While these advantages are many, here are five reasons why employers ought to retain external legal counsel to conduct workplace investigations:
- Experience – Lawyers (and particularly those who practice in the field of labour and employment) have extensive experience with weighing evidence, assessing credibility, and reaching defensible conclusions, all within the context of the current state of the law.
- Neutrality – By retaining external legal counsel to investigate, employers avoid allegations of bias or bad faith, as the external legal counsel will be viewed as a neutral party without any pre-conceived notions about who’s “right” or “wrong”. As a corollary, by retaining external legal counsel, employers obtain a degree of separation from the conclusion(s) reached and as such, unions or employees should be less inclined to allege bias or bad faith.
- Avoiding Conflicts – Employers often have pre-existing legal counsel they have grown to trust. However, should those individuals be retained as an investigator, they will be conflicted out of representing the employer further on the same matter, should it proceed to arbitration/litigation. As a result, by retaining different legal counsel to investigate the matter, employers ensure that their usual counsel may continue to represent them, who can then rely on a professional investigation completed by lawyers who have anticipated their needs.
- Resources – When investigations are conducted internally by employers, the reality is that the investigation often represents an additional task or duty on top of what is likely an already heavy workload. The practical result is that employees tasked with the investigation are often not able to devote the necessary time to conduct a thorough investigation, which can easily take up to 25 hours for just a basic investigation.

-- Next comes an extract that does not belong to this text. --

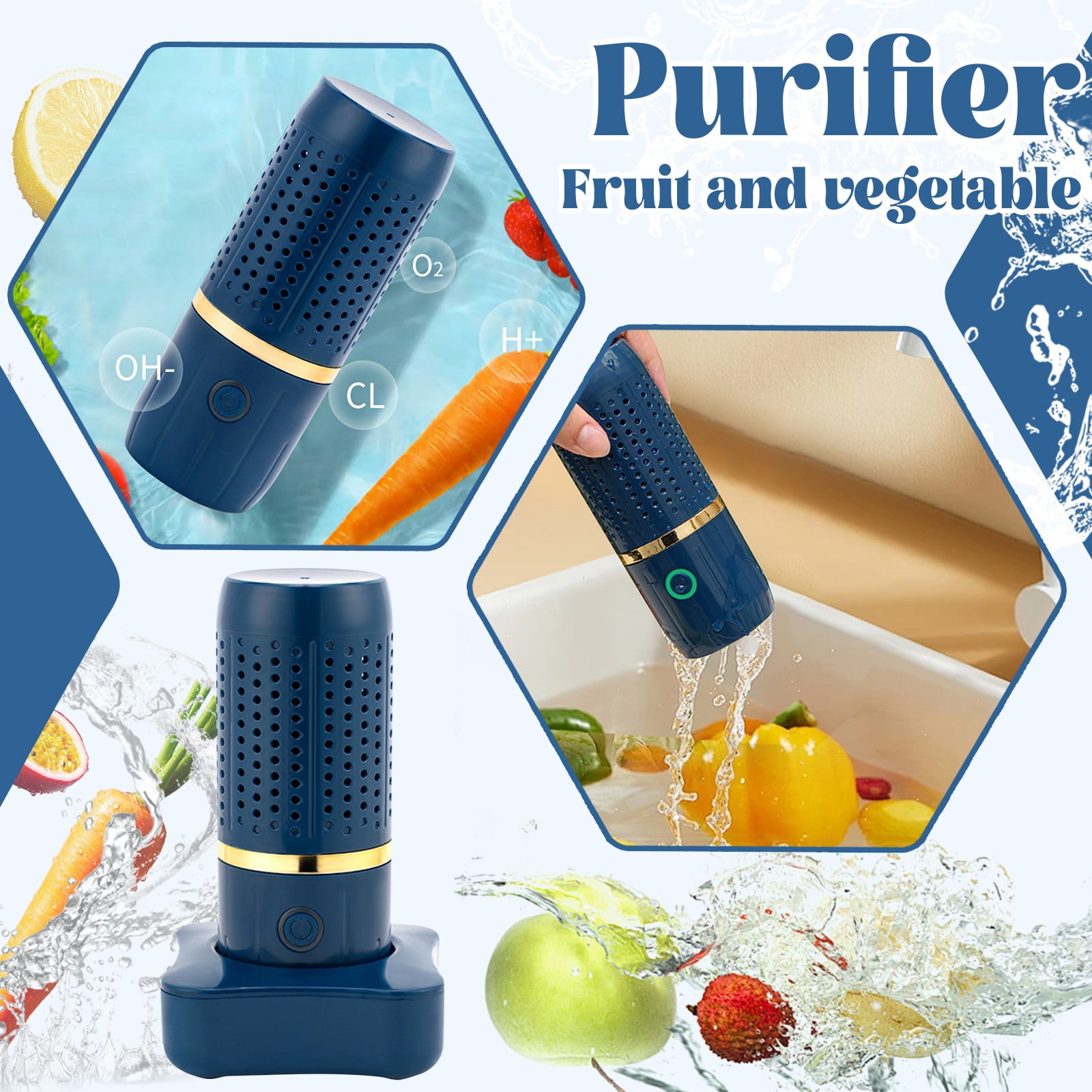 Portable Dishwasher & Wireless Cleaning Machine For Tableware, Vegetables, Meat & More, 99% Harmful Residue Removal, 10-Minute Quick Clean, Ipx7 Waterproof, No Detergent For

- Cost Savings – How can retaining a lawyer to conduct an investigation be a cost saving measure? Given the specific training, experience and abilities of legal counsel to conduct an investigation, the reality is that lawyers should produce a thorough and accurate report. This, in turn, decreases not only the likelihood of any litigation arising, but the length of any such litigation. In other words, an ounce of prevention is worth a pound of cure.
The bottom line is that while no one wants to incur the cost of retaining a lawyer to conduct an investigation, and while not every situation warrants it, there are very real and distinct advantages to doing so.
Moreover, where the consequences of failing to properly investigate allegations of employee misconduct are becoming so large, including the possibility of damages being awarded against employers, employers may no longer be able to afford not to retain a lawyer.